* Exercise input *
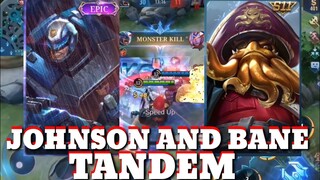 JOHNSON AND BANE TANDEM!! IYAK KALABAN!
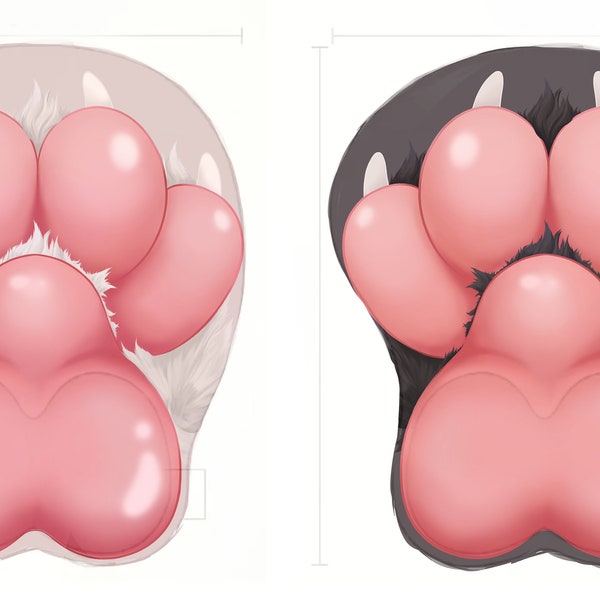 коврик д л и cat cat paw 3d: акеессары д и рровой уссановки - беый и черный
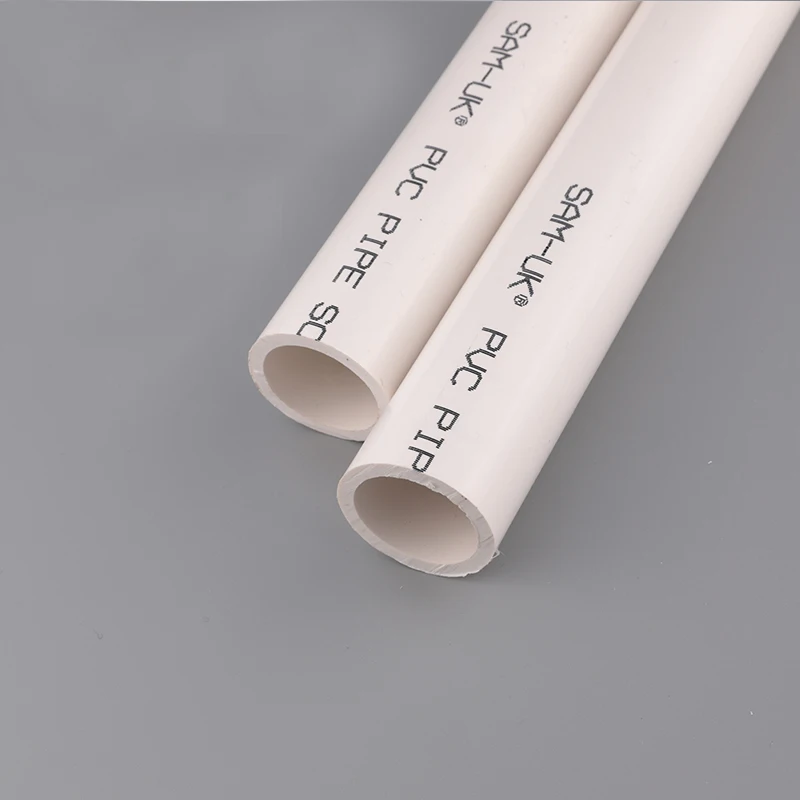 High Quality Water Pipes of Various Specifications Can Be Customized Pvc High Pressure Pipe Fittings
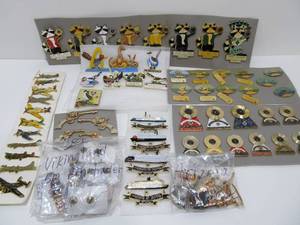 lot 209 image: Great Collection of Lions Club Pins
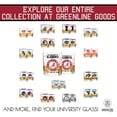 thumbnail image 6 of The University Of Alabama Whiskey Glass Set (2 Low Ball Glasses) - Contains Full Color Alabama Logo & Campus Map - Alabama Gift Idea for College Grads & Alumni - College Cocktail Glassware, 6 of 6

---

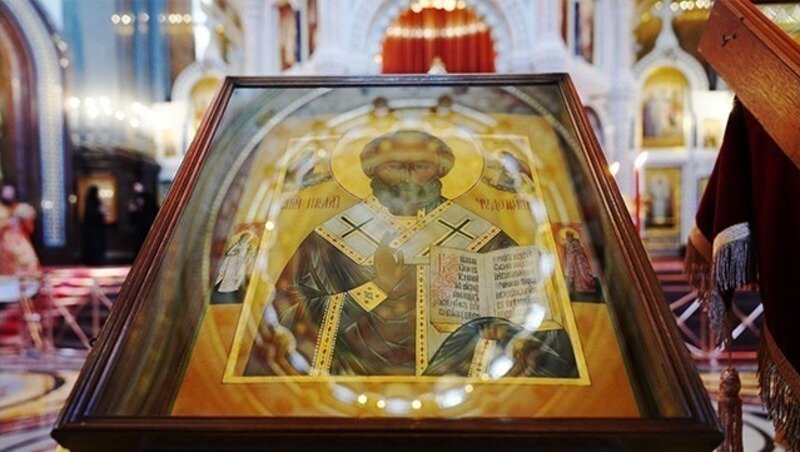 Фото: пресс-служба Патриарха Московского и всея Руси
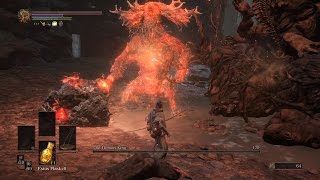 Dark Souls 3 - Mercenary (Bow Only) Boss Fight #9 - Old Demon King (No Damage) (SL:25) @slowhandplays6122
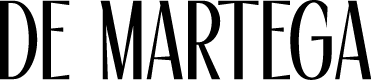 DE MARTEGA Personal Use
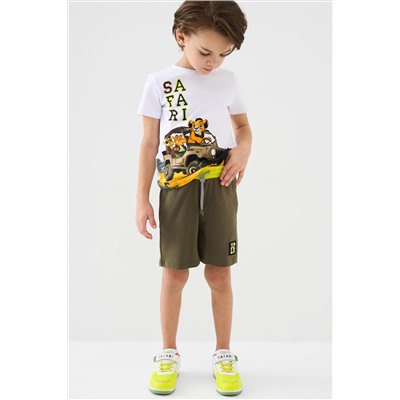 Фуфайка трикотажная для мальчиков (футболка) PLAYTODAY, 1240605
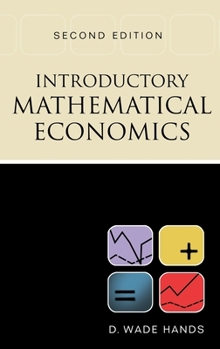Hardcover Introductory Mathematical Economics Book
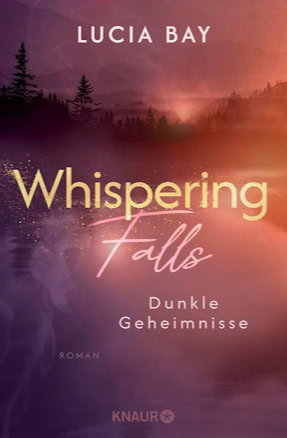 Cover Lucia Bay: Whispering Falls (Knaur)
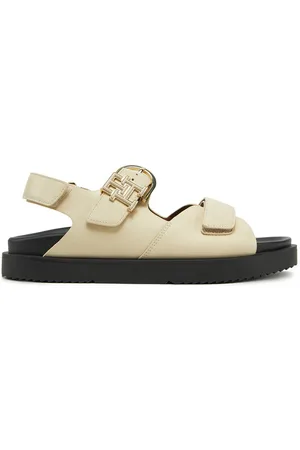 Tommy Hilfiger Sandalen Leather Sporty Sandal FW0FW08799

* Problem description *
Above are the records; restate exactly the lines from the one containing "коврик д л и" through the one containing "lot 209 image: Great", keeping pictures out.

* Task answer *
 коврик д л и cat cat paw 3d: акеессары д и рровой уссановки - беый и черный
 High Quality Water Pipes of Various Specifications Can Be Customized Pvc High Pressure Pipe Fittings
 lot 209 image: Great Collection of Lions Club Pins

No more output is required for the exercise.